It’s true that King, although perennially popular on bookshelves, seems to be going through a renaissance on both the big and small screens lately, giving Castle Rock the mandate of standing out from the sizable pack of King adaptations either already out in the world or on their way. “I think that it has really good writing,” says Levy when asked what could give Castle Rock an edge in the vast content landscape. “It’s maybe a little bit smarter than some of the other horror out there because it has really rich characters and storylines.” 

Shaw says a small town where everyone knows each other, with the place infested with secrets — some pretty nasty ones, in this case — is a template that is never short of storytelling possibilities. “I’ve always loved geography and place in fiction and in pop culture,” he says. “There is no literature of small towns or small suburbia that I don’t love, from Updike to Blue Velvet to Desperate Housewives. There’s something about the contradictions of a sense of order and community at battle with all of these subterranean human impulses and drives and transgressive behavior and darkness and crime. Something about that head-on collision is really, really exciting to me.”

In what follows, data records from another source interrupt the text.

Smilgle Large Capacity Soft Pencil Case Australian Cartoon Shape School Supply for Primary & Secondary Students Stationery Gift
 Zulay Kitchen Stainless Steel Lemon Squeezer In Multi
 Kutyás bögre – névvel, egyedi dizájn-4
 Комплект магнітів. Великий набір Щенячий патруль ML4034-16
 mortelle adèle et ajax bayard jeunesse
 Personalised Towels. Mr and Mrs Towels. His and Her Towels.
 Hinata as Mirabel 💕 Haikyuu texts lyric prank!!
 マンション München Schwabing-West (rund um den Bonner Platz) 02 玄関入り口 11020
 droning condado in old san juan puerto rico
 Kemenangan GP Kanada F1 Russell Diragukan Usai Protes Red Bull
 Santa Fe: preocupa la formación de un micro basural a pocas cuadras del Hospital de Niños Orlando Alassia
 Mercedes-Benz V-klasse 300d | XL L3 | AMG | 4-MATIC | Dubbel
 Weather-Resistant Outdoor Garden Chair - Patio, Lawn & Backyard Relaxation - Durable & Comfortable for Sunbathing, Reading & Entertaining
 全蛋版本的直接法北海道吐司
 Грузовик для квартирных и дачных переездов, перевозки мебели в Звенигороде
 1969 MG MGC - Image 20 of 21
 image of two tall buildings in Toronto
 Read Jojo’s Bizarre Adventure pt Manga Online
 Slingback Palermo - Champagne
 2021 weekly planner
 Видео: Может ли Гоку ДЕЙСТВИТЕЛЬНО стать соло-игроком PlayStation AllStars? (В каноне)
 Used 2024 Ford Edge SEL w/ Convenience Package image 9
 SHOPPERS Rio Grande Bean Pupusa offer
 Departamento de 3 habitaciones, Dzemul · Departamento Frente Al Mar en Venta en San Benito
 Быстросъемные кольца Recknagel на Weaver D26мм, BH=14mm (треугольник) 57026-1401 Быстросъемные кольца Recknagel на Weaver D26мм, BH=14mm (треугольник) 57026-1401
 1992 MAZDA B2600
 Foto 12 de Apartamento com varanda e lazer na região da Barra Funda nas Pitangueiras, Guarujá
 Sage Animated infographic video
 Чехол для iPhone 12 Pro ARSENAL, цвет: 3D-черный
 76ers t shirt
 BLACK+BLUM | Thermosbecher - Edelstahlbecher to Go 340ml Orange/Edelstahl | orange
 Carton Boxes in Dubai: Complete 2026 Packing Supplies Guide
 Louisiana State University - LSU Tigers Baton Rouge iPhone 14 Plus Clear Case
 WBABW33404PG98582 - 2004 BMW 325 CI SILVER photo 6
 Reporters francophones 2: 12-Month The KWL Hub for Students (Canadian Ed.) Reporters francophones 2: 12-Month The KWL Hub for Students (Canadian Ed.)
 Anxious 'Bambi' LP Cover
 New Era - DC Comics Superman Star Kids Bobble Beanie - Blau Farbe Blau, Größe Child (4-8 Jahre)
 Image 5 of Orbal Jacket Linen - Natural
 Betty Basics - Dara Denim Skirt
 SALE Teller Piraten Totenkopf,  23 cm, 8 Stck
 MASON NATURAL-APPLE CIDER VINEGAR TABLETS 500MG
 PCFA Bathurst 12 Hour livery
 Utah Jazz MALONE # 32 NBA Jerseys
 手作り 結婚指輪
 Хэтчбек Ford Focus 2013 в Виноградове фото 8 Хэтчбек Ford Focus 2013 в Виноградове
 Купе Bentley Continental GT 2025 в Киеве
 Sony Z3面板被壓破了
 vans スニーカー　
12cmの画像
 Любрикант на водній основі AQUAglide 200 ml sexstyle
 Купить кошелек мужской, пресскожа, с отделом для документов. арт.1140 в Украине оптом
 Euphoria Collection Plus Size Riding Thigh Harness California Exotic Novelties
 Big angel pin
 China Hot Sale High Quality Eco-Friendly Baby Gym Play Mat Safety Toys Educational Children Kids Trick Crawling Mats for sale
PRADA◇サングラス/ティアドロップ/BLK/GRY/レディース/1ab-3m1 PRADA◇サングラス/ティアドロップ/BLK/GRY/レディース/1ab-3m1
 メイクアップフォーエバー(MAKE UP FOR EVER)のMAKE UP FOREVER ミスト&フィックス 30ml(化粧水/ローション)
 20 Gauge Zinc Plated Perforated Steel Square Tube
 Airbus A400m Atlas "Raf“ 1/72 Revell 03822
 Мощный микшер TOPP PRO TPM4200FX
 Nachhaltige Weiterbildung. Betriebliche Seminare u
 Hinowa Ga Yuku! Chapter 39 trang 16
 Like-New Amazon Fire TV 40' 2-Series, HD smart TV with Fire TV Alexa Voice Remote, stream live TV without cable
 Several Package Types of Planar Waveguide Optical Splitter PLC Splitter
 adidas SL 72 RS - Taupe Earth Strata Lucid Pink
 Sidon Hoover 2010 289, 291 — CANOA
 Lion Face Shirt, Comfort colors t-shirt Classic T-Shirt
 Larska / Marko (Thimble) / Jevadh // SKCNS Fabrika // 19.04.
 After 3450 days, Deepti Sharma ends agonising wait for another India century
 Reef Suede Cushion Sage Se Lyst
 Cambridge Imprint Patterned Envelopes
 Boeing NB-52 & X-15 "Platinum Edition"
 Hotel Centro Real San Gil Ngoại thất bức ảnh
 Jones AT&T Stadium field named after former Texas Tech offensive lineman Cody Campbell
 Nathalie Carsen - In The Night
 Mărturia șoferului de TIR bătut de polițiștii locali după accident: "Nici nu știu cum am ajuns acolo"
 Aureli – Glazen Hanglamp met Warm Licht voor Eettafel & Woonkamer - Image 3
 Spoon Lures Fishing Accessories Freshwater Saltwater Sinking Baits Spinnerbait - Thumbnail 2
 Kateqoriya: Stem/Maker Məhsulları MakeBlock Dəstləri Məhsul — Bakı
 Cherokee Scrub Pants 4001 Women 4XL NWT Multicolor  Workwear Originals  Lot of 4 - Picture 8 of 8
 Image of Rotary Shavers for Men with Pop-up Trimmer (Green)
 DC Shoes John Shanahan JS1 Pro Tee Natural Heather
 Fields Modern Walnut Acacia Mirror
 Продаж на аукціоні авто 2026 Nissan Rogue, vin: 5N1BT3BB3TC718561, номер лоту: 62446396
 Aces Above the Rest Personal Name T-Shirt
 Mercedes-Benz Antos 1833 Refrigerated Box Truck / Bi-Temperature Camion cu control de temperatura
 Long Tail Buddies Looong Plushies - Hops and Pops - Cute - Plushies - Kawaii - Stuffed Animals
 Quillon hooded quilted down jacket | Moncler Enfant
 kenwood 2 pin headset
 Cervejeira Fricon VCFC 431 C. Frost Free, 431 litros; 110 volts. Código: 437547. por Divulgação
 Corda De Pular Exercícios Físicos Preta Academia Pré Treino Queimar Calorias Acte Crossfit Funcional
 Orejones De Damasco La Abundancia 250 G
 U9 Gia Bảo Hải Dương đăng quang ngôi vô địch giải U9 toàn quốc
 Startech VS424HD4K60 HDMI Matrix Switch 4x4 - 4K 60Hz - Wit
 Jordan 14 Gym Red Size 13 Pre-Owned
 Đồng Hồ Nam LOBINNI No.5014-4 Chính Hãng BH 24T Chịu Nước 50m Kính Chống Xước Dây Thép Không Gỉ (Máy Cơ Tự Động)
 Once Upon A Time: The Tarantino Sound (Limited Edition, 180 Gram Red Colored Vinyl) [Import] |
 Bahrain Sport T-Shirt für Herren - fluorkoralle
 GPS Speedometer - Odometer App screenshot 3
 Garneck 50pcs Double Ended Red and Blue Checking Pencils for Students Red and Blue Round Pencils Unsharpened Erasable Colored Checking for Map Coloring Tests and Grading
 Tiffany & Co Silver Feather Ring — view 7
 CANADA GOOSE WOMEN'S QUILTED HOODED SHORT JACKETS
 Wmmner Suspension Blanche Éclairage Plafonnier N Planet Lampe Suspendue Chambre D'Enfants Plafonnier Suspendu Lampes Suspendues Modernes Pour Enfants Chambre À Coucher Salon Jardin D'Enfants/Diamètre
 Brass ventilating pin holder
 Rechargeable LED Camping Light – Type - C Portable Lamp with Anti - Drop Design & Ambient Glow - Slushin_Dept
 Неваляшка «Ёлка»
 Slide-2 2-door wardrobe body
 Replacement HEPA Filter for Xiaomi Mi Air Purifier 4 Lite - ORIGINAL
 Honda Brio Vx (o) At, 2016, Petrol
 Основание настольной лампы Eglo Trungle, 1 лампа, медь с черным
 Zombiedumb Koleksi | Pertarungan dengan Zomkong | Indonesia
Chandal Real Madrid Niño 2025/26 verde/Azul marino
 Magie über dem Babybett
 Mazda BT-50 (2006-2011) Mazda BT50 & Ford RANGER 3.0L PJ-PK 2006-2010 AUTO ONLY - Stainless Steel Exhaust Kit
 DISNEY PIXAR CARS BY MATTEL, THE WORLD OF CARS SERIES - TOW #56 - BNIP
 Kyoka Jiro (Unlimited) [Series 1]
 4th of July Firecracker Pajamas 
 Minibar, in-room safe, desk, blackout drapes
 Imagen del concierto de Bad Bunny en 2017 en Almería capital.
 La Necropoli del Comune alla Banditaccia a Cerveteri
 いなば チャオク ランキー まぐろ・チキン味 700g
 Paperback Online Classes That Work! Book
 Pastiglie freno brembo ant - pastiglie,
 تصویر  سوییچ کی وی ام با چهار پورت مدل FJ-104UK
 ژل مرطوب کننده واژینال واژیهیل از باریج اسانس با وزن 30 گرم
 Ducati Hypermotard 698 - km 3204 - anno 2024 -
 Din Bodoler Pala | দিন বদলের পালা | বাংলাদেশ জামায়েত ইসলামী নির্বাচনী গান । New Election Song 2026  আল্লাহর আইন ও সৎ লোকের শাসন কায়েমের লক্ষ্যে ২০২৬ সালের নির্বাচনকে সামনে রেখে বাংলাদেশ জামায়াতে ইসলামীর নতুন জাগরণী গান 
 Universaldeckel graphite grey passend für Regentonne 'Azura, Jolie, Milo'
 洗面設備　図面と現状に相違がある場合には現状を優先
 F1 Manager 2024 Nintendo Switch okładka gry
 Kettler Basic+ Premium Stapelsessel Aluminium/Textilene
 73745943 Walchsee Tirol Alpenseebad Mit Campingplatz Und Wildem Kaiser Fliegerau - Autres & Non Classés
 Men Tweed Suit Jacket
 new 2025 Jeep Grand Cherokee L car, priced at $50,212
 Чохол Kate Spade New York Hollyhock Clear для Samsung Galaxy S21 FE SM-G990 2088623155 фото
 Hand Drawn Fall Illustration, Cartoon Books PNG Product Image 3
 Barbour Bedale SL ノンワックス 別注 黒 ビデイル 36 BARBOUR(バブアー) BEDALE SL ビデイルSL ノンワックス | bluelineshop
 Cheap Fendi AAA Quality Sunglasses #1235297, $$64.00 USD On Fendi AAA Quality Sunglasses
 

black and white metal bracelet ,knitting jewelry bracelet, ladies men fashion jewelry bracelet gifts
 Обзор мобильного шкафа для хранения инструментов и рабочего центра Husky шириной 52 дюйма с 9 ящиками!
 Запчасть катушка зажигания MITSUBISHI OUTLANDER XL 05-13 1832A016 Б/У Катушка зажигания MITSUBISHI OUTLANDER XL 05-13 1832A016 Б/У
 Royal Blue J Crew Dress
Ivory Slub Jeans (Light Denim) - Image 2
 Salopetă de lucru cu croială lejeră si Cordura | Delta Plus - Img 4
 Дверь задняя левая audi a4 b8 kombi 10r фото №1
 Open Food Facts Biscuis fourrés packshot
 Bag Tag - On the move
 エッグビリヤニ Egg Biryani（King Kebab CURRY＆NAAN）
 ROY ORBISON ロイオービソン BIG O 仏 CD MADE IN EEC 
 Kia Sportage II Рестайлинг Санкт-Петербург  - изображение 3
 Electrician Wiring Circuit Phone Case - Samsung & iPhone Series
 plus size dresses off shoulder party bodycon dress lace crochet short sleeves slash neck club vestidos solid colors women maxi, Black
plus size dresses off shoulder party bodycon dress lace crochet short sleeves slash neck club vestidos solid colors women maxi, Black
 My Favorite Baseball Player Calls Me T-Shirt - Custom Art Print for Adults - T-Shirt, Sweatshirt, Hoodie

For Thomason, the key to adapting King’s work comes down to the characters. “For us, Stephen King is as much a deep character writer as a horror writer,” he offers. “This isn’t just a horror show. This is a show that has the breadth of all of Stephen King’s work, from ‘The Body’ all the way to It… always with the undercurrent of character that drives so much of his work. When you come for the horror, you stay for the character. And that’s what we hope to do in Castle Rock.”